/expected-goals-thesis

A repository for analysis on Expected Goals using StatsBomb and Wyscout data

Primary LanguageJupyter NotebookMIT LicenseMIT

  • expected-goals-thesis

A repository for analysis on Expected Goals using StatsBomb and Wyscout data.

StatsBomb data

This repository assumes that the StatsBomb open-data has already been cloned to a local directory.

To run the notebooks

All of the notebooks can be run from an Anaconda environment.

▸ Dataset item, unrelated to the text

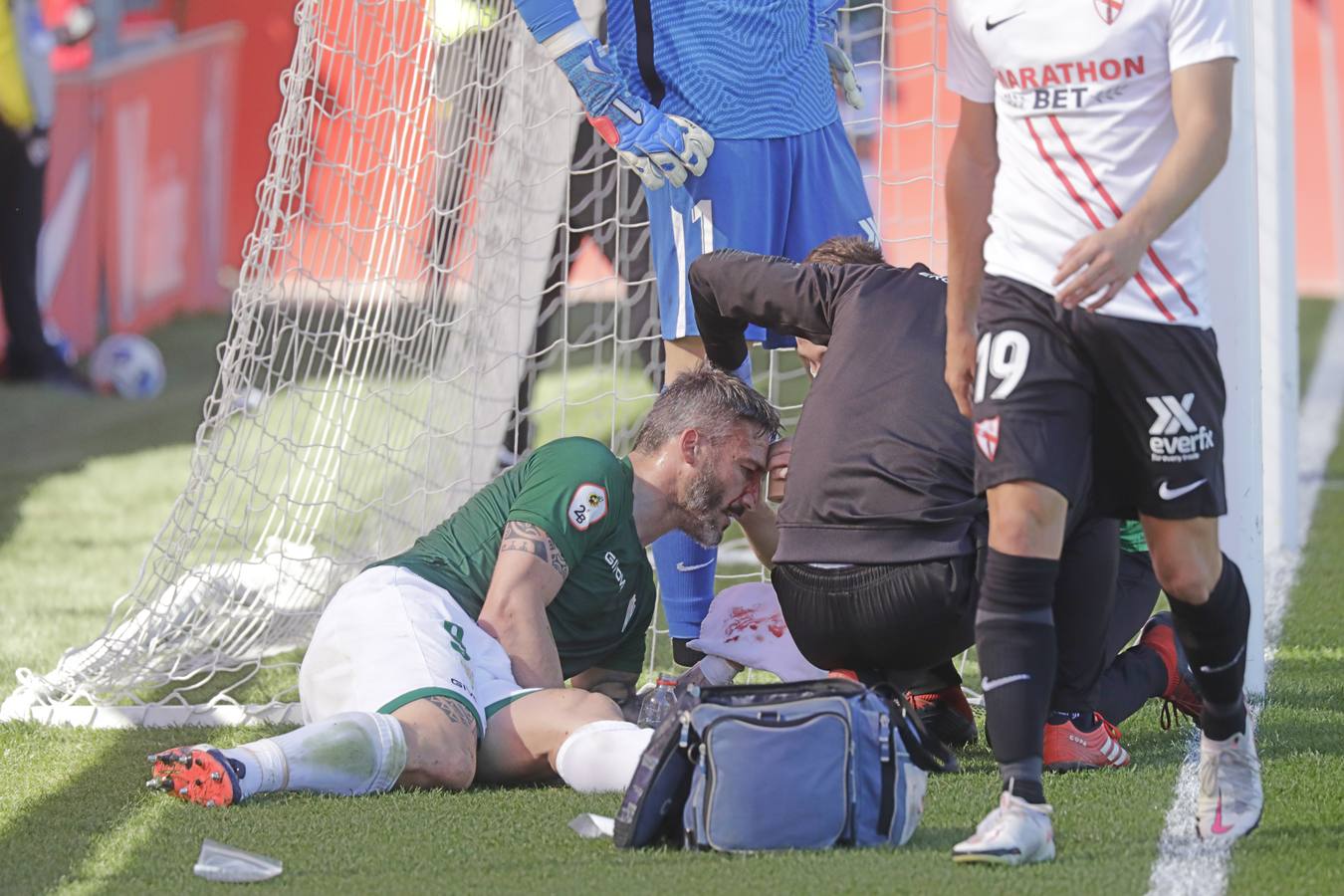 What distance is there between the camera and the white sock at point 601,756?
10.5ft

To install the environment yourself use the Anaconda Prompt. Run the following command from the expected-goals directory:

conda env create -f environment.yml

Activate the new environment from the prompt:

conda activate expected-goals

Load Jupyter Notebook from the prompt:

jupyter notebook

1. Data Loading

The data are from StatsBomb open-data and Wyscout.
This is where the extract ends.